もう、と少し拗ねたようなアンリの声を後ろで聞きながら、私は思いを巡らせていた。


(一目惚れ…ではないと思うけど)

切羽詰まった事情が何かあったとしても、それ以外の事情も存在するのかもしれない。


「それなのにお嬢様ったら、こんなに丁寧な手紙の返事が毎回そっけないんですから!ありがとうございますだけってなんなんですか?」


「だ、だって何を書けばいいのかわからないんだもの」

異性との文通なんて、元の世界でスマホのやりとりすらろくにしていなかった私には荷が重い。

せっかく送ってもらったものに何も言わないのは良くないと考え、とりあえずお礼の手紙を出すことにはしているのだが、毎回本当にお礼だけで終わってしまうのだ。

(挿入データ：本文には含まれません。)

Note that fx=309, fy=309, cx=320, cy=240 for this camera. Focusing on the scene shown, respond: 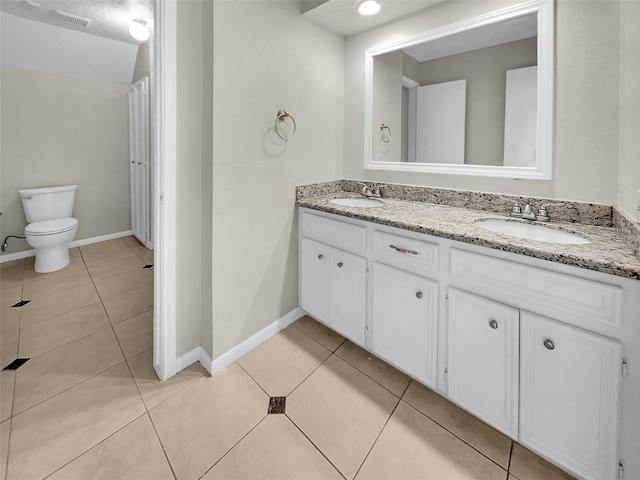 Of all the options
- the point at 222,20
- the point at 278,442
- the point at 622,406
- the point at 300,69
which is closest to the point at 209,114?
the point at 222,20

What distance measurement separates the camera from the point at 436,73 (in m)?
1.86

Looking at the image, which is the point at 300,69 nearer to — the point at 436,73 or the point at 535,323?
the point at 436,73

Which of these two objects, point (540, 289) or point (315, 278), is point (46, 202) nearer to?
point (315, 278)

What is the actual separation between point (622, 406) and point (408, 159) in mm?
1575

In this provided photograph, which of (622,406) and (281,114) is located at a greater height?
(281,114)

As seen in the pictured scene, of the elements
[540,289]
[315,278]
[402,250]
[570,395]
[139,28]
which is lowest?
[570,395]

「そんなの、他愛ないことでいいんですよ。アルガード殿下はお嬢様が日頃どのように過ごしているのかが知りたいんですから」


「うう、難しい…」


でも確かに、2人で出かけるのはお互いを知る良い機会かもしれない。

(殿下のことを知れたら、何か戦争解決の糸口が見つかるかも)


「…アンリ、あとで便箋をちょうだい。できるだけ早めに、何日か候補を出して文を出すわ」


「はい!お嬢様、当日の格好は私にお任せくださいね。とびきり可愛くして差し上げますから!」




そして、あれよあれよという間に迎えた当日。

私は綺麗に編み込まれた髪に花の髪留めを付け、薄紫のドレスを着て、護衛のルークと共に家の外に出た。

どうやらアルガード殿下が迎えに来てくれるらしい。


「俺は離れたところで見守っていますから、何かお申し付けがあればなんなりと」

「ありがとう、ルーク。…緊張してきた…」


「大丈夫ですお嬢様。殿下が無礼を働くようなことがあれば、俺が…」

「そういう意味ではなくてね…?」


そんなことを話していると、向こうから馬車がやって来るのが見えた。

「来ましたね」


侯爵邸の前で止まった馬車から、美しい銀髪のきらびやかな男性が降りて来るのが見えた。


「迎えに来たよ、エミリア」

アルガード殿下がこちらを見てふわりと笑った。


殿下に続いて、もう1人男性が降りてくる。


方まであるふんわりとした茶髪に薄いピンク色の目をした、こちらも美青年の男性は、私に向き直ると深々と美しい所作でお辞儀をした。


「お初にお目にかかります、エミリア・ガーデンシュタイン様。私、アルガード殿下の側近の、ルイセーヌ・オプシリンギスと申します。以後お見知りおきを。先日は、我が主の命を救っていただき感謝いたします」


「い、いえ、私は何も。私の護衛が優秀だったからです」

私も慌ててドレスの裾を摘んで、軽く礼をする。


「ルイセーヌは私の優秀な右腕だよ。エミリアもきっと世話になる機会が多いだろうから、今のうちに紹介しておこうと思って」

アルガードがにこやかに話す。


「それじゃあ、挨拶も程々に。行こうか」

そう言って、さりげなく私の腰に手を回したアルガードにどきりとする。


(て、手慣れてる、、、!)


果たして今日はうまく行くのだろうか。

不安と緊張を抱えながら、私は馬車に乗り込むのだった。